City gets $3.7M for downtown garage
Spaces replace flood-project claimed Cinedome parking
By KEVIN COURTNEY
Register Staff Writer
With a $3.66 million payment from the flood control district, Napa now has a substantial down payment on a new parking garage near the Cinedome theater.
A garage is needed to replace parking that the flood project will wipe out and accommodate future commercial and residential development near Main and Pearl streets, officials said.
With the payment by flood control, the city’s redevelopment agency can accelerate planning of a new garage, although construction isn’t likely in this decade.

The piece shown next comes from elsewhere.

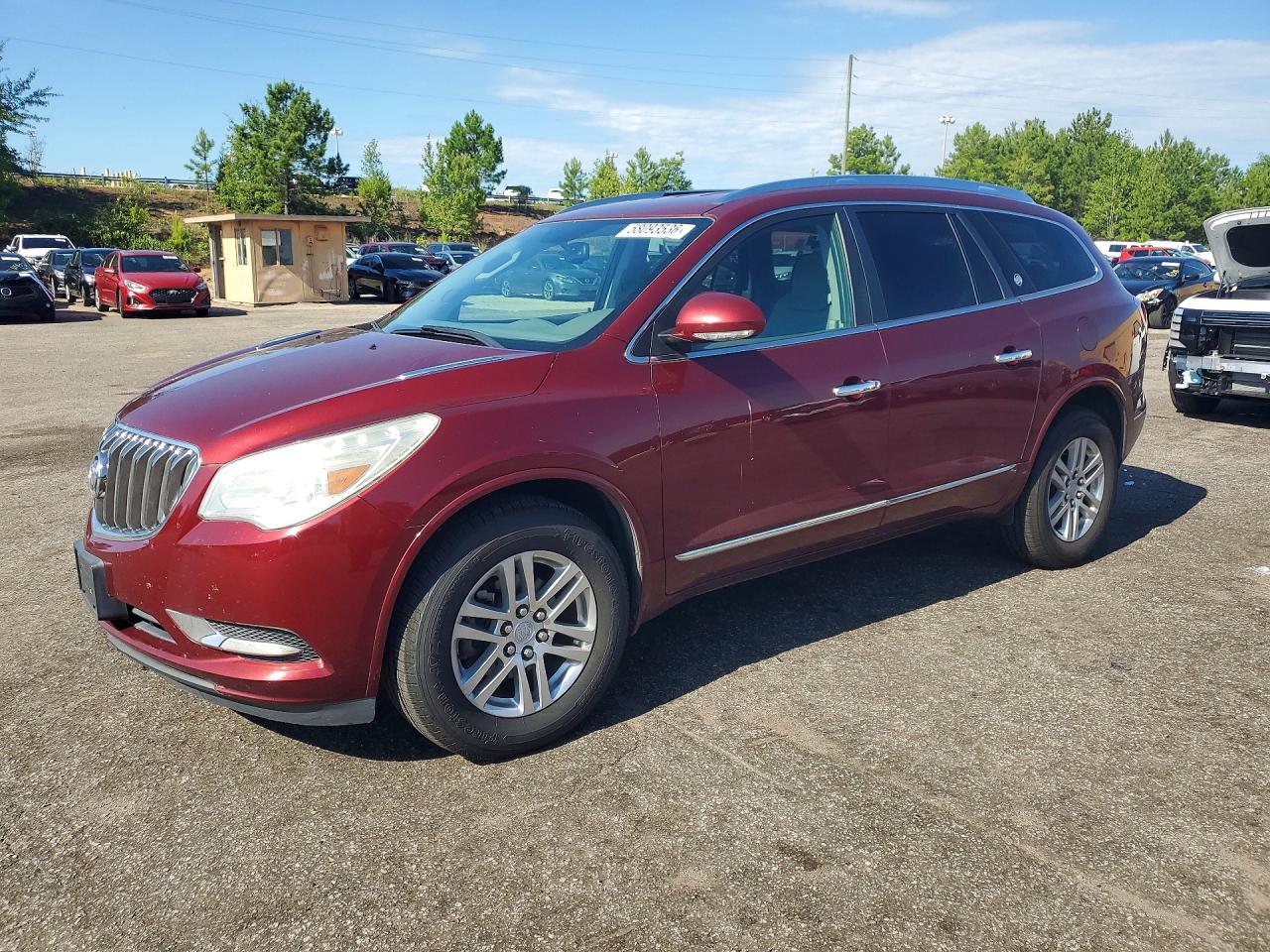 2015 Buick Enclave Burgundy vin: 5GAKRAKD8FJ145943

Cassandra Walker, the city’s redevelopment manager, told the City Council last week that the skate park on Pearl Street is a likely garage site. Much will depend on how development plans on surrounding properties shake out, she said.
The area will be under increasing pressure from private redevelopers, Walker said. The Cinedome site is ripe for a mixed-use project if the movie theater moves to south Napa, she said.
The area around Mervyn’s could also come into play, Walker said. “We have something else that could be happening with Mervyn’s,” she said.
An investment group led by Keith Rogal bought the 77,000-square-foot Mervyn’s complex in February. Although Mervyn’s has a long-term lease, the new owners are exploring the possibility of a more intensive development down the road.
The city will begin work on a Downtown Specific Plan later this year that analyzes downtown’s future. This will include the central business district’s parking needs, Jennifer LaLiberté, the redevelopment agency’s senior project coordinator, said Friday.
Garage construction hinges on many factors. Developers would be expected to pay most of the cost, but until downtown has flood protection, projects that include housing may be impossible, LaLiberté said.
Under the most optimistic federal funding scenario, the area will be vulnerable to river and creek flooding for another five years. If the U.S. Army Corps of Engineers continues to receive reduced allocations, the schedule would be dragged out longer.
The local flood district is required to replace 122 parking spaces near the Cinedome that will be wiped out by the construction of a flood bypass channel.
Originally, the district planned to replace these spaces with a new surface lot at an estimated cost of $12,000 per space. The city and the district later agreed that a surface lot would not be adequate given the area’s development potential, Walker said.
With the city now planning a parking structure, the flood district increased its payment to $30,000 per space, totaling $3.66 million.
This is somewhat less than what today’s costs would be, Walker said. The city-county garage under construction on Fifth Street costs $33,000 per space without factoring in the value of the land, she said.
When all the spaces lost to flood control are calculated, the total will be approximately 169 spaces, Walker said.
Councilmen Mark van Gorder and Peter Mott noted that the flood district’s payment of $3.66 million is about $2 million less than if the district were paying $33,000 for 169 spaces.
The flood district and the city had worked out a fair agreement, Walker said. The district was obligated to replace only 122 spaces. The city wins by getting the $3.66 million now, she said.
The district could have waited years before it turned over money for replacement parking, she said. Had it wanted to, the district might have insisted on building a surface lot across Soscol Avenue on McKinstry Street where costs would be less, she said.
With cash in hand, the city can team up with developers to provide many more spaces in a structure, Walker said.
Councilman Jim Krider said the city is morally obligated to provide a parking structure as soon as possible. As the three-story Main Street West at Main and Clinton streets fills with tenants, parking in the neighborhood will become tighter, he said.
The city has $6 million it can spend on a parking structure. In addition to the $3.66 million from the flood district, Main Street West paid a $1 million parking impact fee and the redevelopment agency has $1.4 million in bond funds to support a mixed-use development, LaLiberté said.
The 484-space city-county garage at Main and Fifth is costing $15 million, occupying land that the county donated.
The city will likely have to buy the land for a garage near the Cinedome and Mervyn’s. A likely site, Walker said, is the city block owned by Napa Sanitation District north of the Cinedome. It is occupied by the skate park, a children’s playground and a deactivated sewage pump station.
The sanitation district is expected to put the property up for sale by the end of the year. Public agencies have the first right to buy, Walker said.
If the skate park is displaced, the city would build a new one, Walker said. The city’s Community Resources Department is looking at possible sites. A new facility would be more challenging than the current skate park which does not meet the expectations of skaters today, she said.